El tema, podríamos decir que inesperadamente, no solo nos implicó a nosotros sino a varios amigos de Conegliano y alrededores, que se prodigaron para organizarlo todo. Ya esto fue un pequeño milagro, pues el entusiasmo superó incluso ciertas dificultades de relación que estábamos atravesando en nuestra comunidad últimamente, uniendo codo con codo, al pensar las cosas, a personas que probablemente nunca lo hubieran esperado.

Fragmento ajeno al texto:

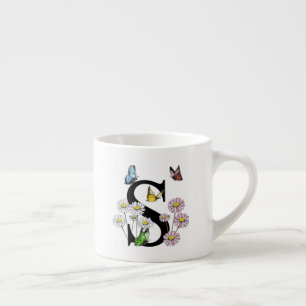 Xícara De Espresso Letra S Floral Borboleta Monograma Inicial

Así, visitando la antigua escuela enológica, la abadía de Follina y los frescos de la Sala dei Battuti –podríamos decir que entre lo sagrado y lo profano, y tanto en uno como en otro pudimos advertir la misma Belleza–, pasamos tres intensos días de testimonios y diálogos con los que sencillamente te encontrabas compartiendo mesa.

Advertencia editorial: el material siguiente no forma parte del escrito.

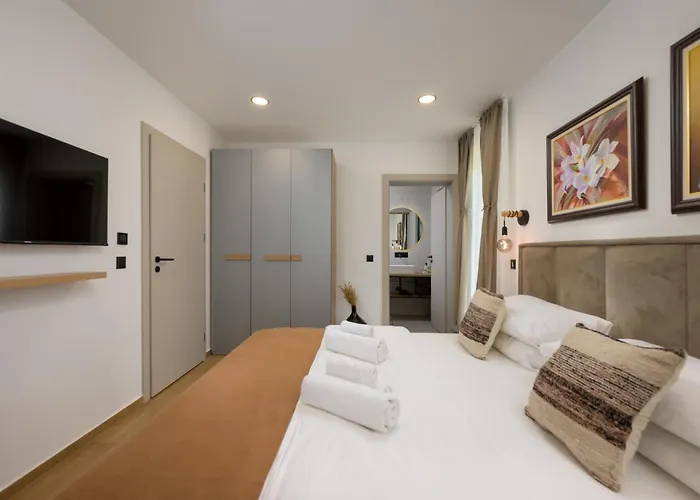 Casa Fiore Viola For 8 People With Heated Pool 别墅 *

Entre todas las conversaciones, nos impactó especialmente la de Max, un amigo de Feltre, que hacía poco que había vuelto de Haití, después de un largo galimatías –el que tantos tienen que vivir para una adopción internacional–, trayendo a casa a Rafael, su segundo hijo adoptivo. Tal vez esta fuera la explicación más sencilla y evidente del drama de la vida humana y su significado, al que una amistad verdaderamente cristiana debe llevarnos siempre.

Max contó que mientras iba hacia el aeropuerto con su mujer, Elena, y su otra hija, Lovely, de regreso a Italia, atravesando la capital de Haití, impresionado por la extrema pobreza que tenía delante, le dijo a la niña que ellos deberían ser felices: tenían electricidad, agua corriente y potable, aire acondicionado y, naturalmente, a Jesús. Pero al decir esto –como si fuese lo más obvio pero en cambio lo que menos se puede dar por descontado– sintió como un escalofrío. «¿A qué estoy realmente agradecido? ¿En qué consiste mi ser realmente, en los beneficios de nuestra civilización? ¿Y la gente de Haití sufre tanto porque para ellos la alegría es imposible? ¿Jesús basta para vivir en este mísero lugar? Además de un hijo, volví de allí con todas estas preguntas en el corazón». Y nos citó aquella intervención durante la Escuela de comunidad del 19 de diciembre donde se hablaba de dos padres recientes con los ojos y el corazón cargados de la presencia de su pequeña recién nacida cuya presencia determinaba todos sus gestos. Max terminó diciendo: «Deseo que Jesús pueda ser una presencia tan amada y real como esa niña, hasta el punto de determinar mi mirada y permitirme vivir alegre en todas partes. Hasta en Haití...».